Calculate t-test with NumPy

2024-09-26 356 words 2 minutes

Contents

t-test compares the means of two groups (two-sample t-test) to determine whether they are significantly different from one another.

In Python, the NumPy library does not have a built-in function to perform the two-sample t-test. But you can calculate a two-sample t-test manually using the NumPy.

Two-sample t-test formula:

$https://latex.codecogs.com/svg.image?\huge&space;&space;t=\frac{\bar{x_1}-\bar{x_2}}{\sqrt{\frac{s_1^{2}}{n_1}+\frac{s_2^{2}}{n_2}}}$

Where, x̄1 and x̄2 are sample means, s1 and s2 are standard deviations of the samples, and n1 and n2 are the sample sizes.

The following example explains how to perform a two-sample t-test using NumPy in Python.

Sample dataset

Create sample datasets for two groups,

# import packages
import numpy as np

# create sample datasets
group1 = [10,12, 9, 12, 14, 11, 16, 14, 13, 10]
group2 = [20,22, 29, 24, 24, 21, 18, 26, 29, 30]

Calculate mean for samples

Calculate the mean values for group1 and group2,

# import packages
import numpy as np

# calculate mean
group1_mean = np.mean(group1)
group2_mean = np.mean(group2)

Calculate sample variances

Calculate the variances for group1 and group2,

# import packages
import numpy as np

# calculate variances
group1_var = np.var(group1, ddof=1)  
group2_var = np.var(group2, ddof=1)

We calculated the sample variance using the degree of freedom (n-1). The ddof represents the degree of freedom which is 0 by default in numpy.

As we have a sample from a larger population, the use of ddof=1 gives the unbiased estimator of the variance of the population.

Calculate t-value and p value

Calculate the two-sample t-test formula

# calculate variances
tval =  (group1_mean - group2_mean) / np.sqrt(group1_var/len(group1) + group2_var/len(group2))

tval

# output
-8.246088

The t-value for the two-sample t-test is -8.246088. We can use this t-value to calculate the p value.

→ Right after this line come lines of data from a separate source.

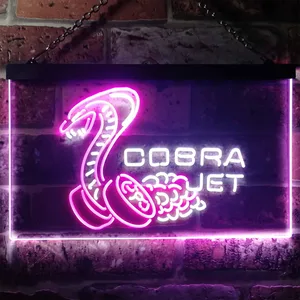 Ford Cobra Jet Mustang Neon-Like LED Sign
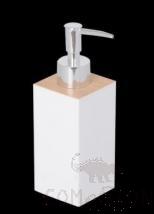 White matte lacquer wood grain lotion bottle, Resin+shell, 60*60*120/174mm
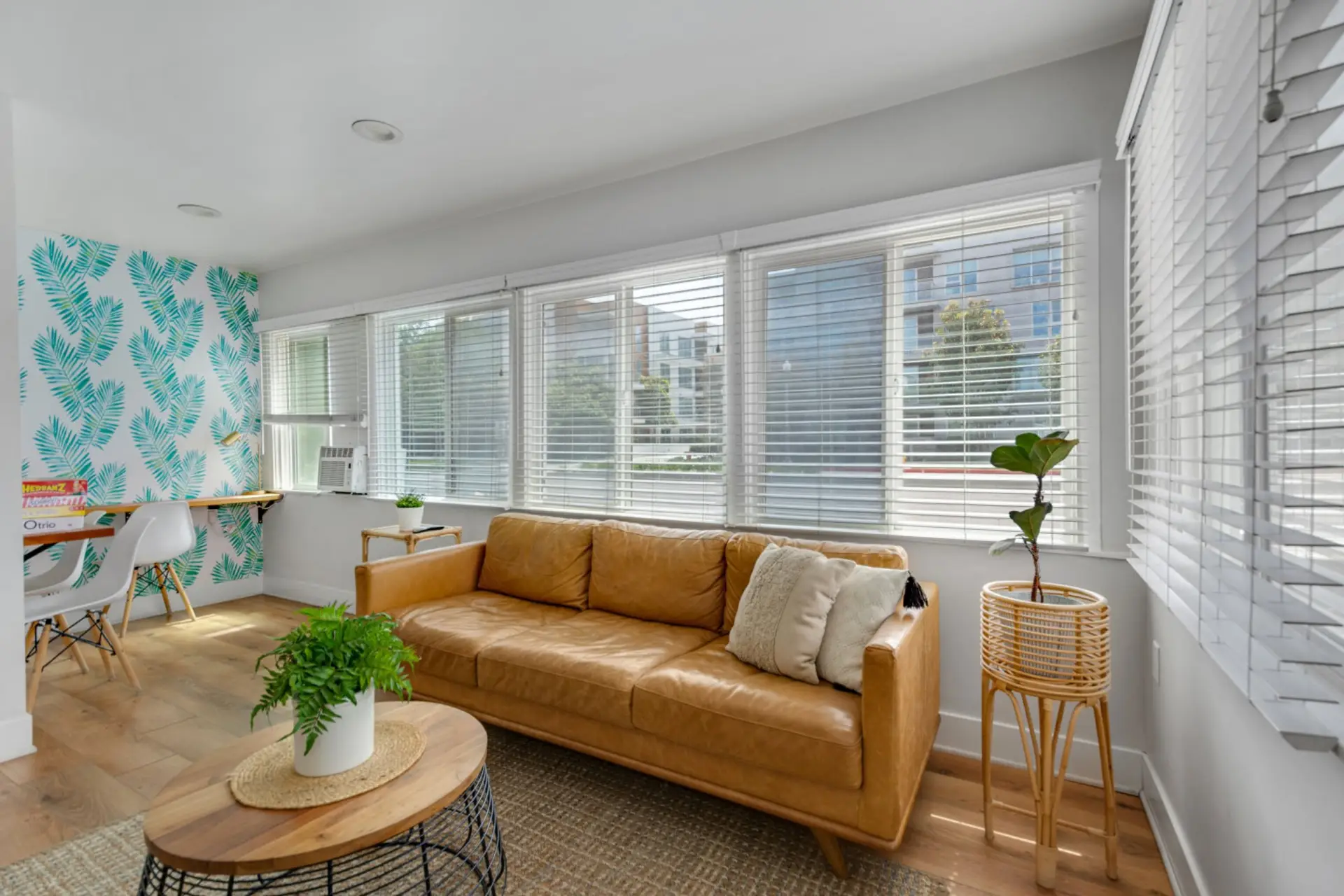 Open living space with lots of window to let in the ocean breeze!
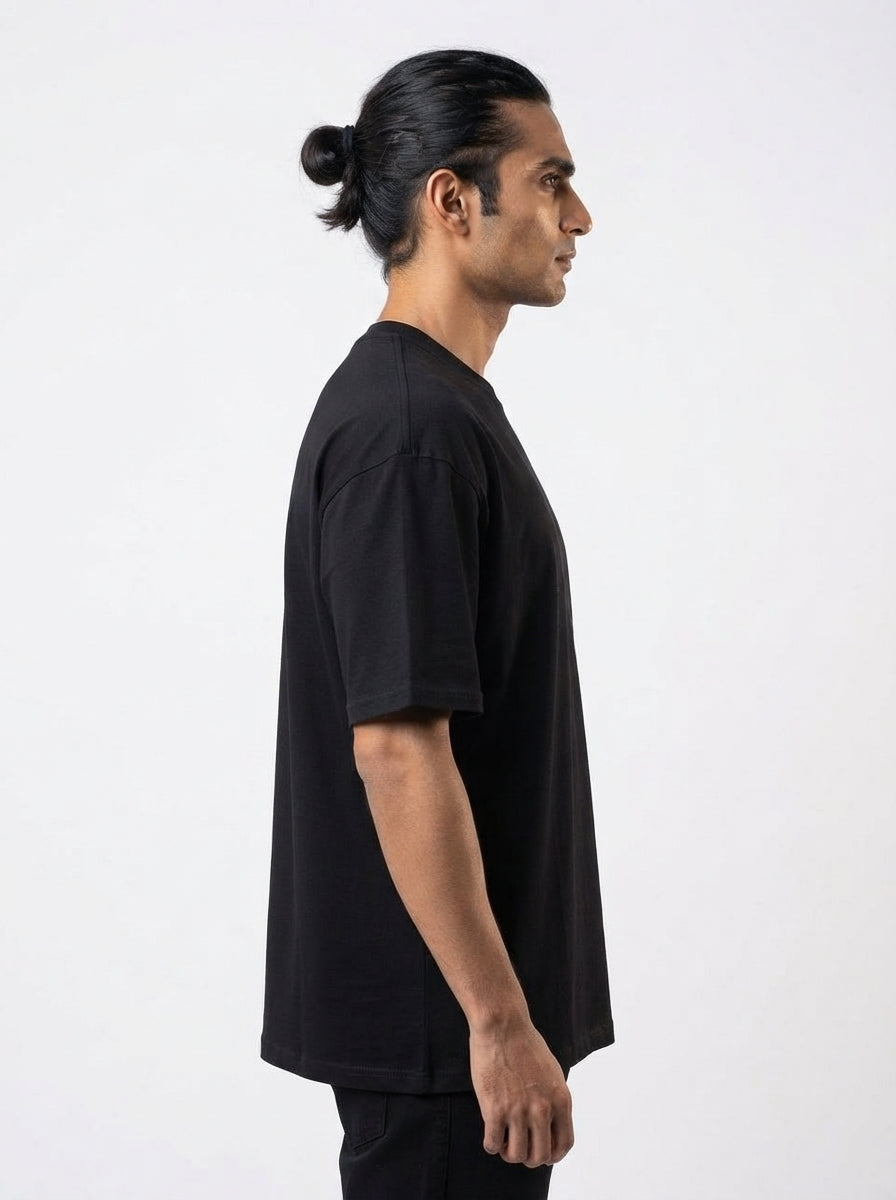 Failed Hero Black Oversized Tee
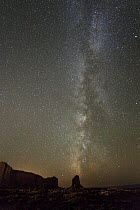 Milky way galaxy over Monument Valley Navajo Tribal Park, Arizona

We will use the sf function from scipy.stats.t module to calculate the two-sided and one-sided p value.

# import packages
from scipy.stats import t
import numpy as np

# two sided p value
t.sf(x=np.abs(tval), df=len(group1)-1)*2
# output
1.7362138464589428e-05

# one-sided p value
t.sf(x=np.abs(tval), df=len(group1)-1)
# output
8.681069232294714e-06

The p value for the two-sample t-test is statistically significant (p < 0.05). We reject the null hypothesis and conclude that the mean of the two groups are significantly different from one another.